Kruskal's Algorithm¶
Kruskal's Algorithm is a Greedy algorithm used to find the Minimum Spanning Tree (MST) of a connected, undirected, weighted graph.
Minimum Spanning Tree (MST)¶
An MST is a subset of the edges of a connected, edge-weighted undirected graph that connects all the vertices together, without any cycles and with the minimum possible total edge weight.
Intuition¶
Kruskal's algorithm builds the MST by picking edges in increasing order of weight. It uses a Disjoint Set Union (DSU) data structure to efficiently check if adding an edge would create a cycle.
Algorithm Steps¶
- Sort all the edges in non-decreasing order of their weights.
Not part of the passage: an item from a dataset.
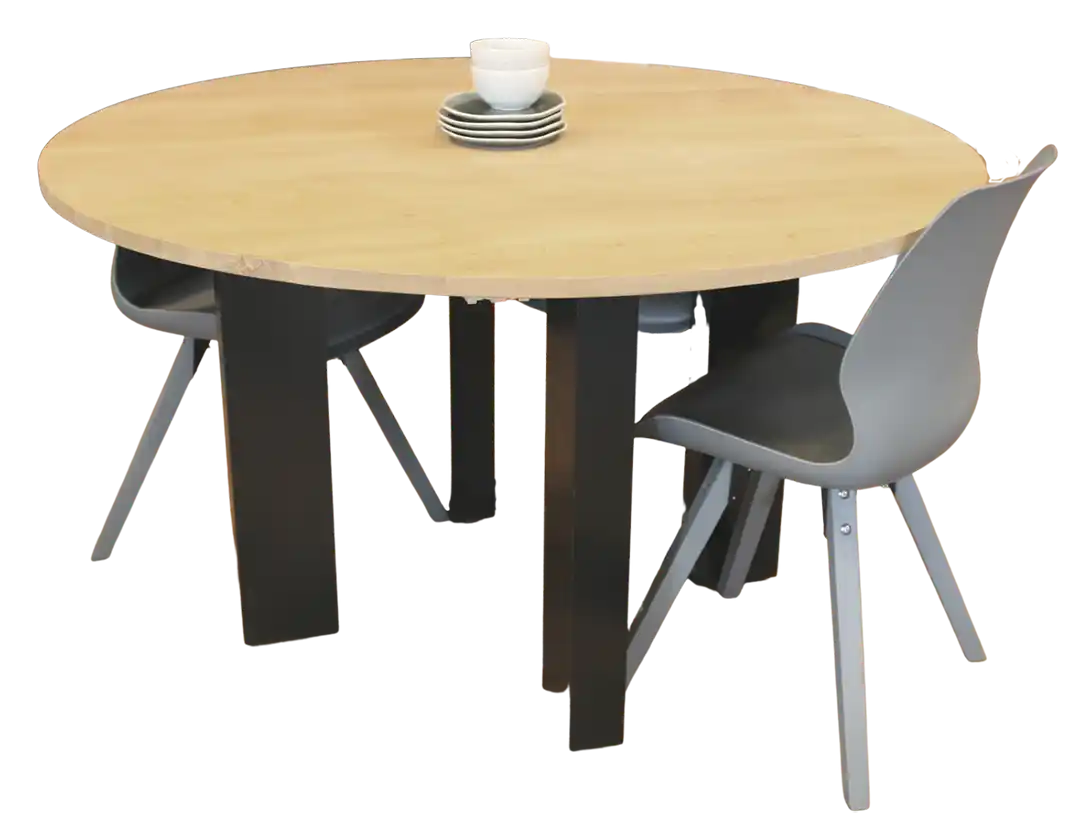 Easton rond, Ronde eiken eettafel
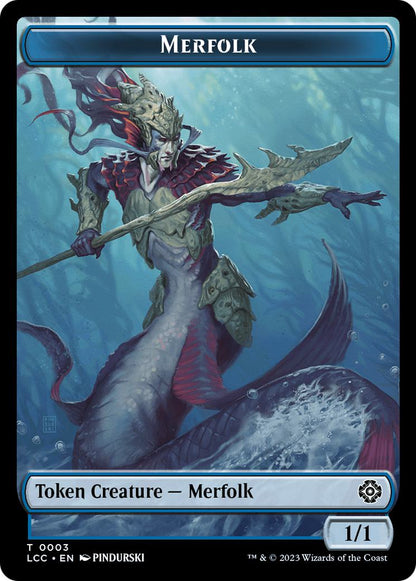 Frog Lizard Token (13) // Merfolk Token (03) [The Lost Caverns of Ixalan: Commander: Tokens] [Non-Foil]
- Initialize a DSU structure for \(V\) vertices.
- Iterate through the sorted edges:
- If the two vertices of the edge belong to different sets (i.e., adding the edge doesn't form a cycle):
- Include the edge in the MST.
- Union the sets of the two vertices.
- Otherwise, discard the edge.
Java Implementation¶
Disjoint Set Union (DSU) Implementation¶
class DSU {
int[] parent, rank;
DSU(int n) {
parent = new int[n];
rank = new int[n];
for (int i = 0; i < n; i++) parent[i] = i;
}
int find(int i) {
if (parent[i] == i) return i;
return parent[i] = find(parent[i]); // Path Compression
}
boolean union(int i, int j) {
int rootI = find(i);
int rootJ = find(j);
if (rootI != rootJ) {
if (rank[rootI] < rank[rootJ]) parent[rootI] = rootJ;
else if (rank[rootI] > rank[rootJ]) parent[rootJ] = rootI;
else {
parent[rootI] = rootJ;
rank[rootJ]++;
}
return true;
}
return false;
}
}
Kruskal's Algorithm¶
import java.util.*;
class Edge implements Comparable<Edge> {
int src, dest, weight;
Edge(int src, int dest, int weight) {
this.src = src;
this.dest = dest;
this.weight = weight;
}
public int compareTo(Edge other) {
return Integer.compare(this.weight, other.weight);
}
}
public class Kruskal {
public static void kruskalMST(int v, List<Edge> edges) {
Collections.sort(edges);
DSU dsu = new DSU(v);
List<Edge> mst = new ArrayList<>();
int mstWeight = 0;
for (Edge edge : edges) {
if (dsu.union(edge.src, edge.dest)) {
mst.add(edge);
mstWeight += edge.weight;
}
}
System.out.println("Edges in MST:");
for (Edge edge : mst) {
System.out.println(edge.src + " -- " + edge.dest + " == " + edge.weight);
}
System.out.println("Total Weight: " + mstWeight);
}
}
Sample Input and Output¶
Input¶
Output¶
Complexity¶
| Metric | Complexity | Description |
|---|---|---|
| Time | \(O(E \log E)\) | Dominating factor is sorting the edges. DSU operations are nearly \(O(1)\). |
| Space | \(O(V + E)\) | To store edges and DSU arrays. |
Key Takeaways¶
- Greedy Strategy: Always pick the smallest edge that doesn't cause a cycle.
- Cycle Detection: DSU is the most efficient way to perform cycle detection in Kruskal's.
- Disconnected Graphs: If the graph is not connected, Kruskal's will find a Minimum Spanning Forest.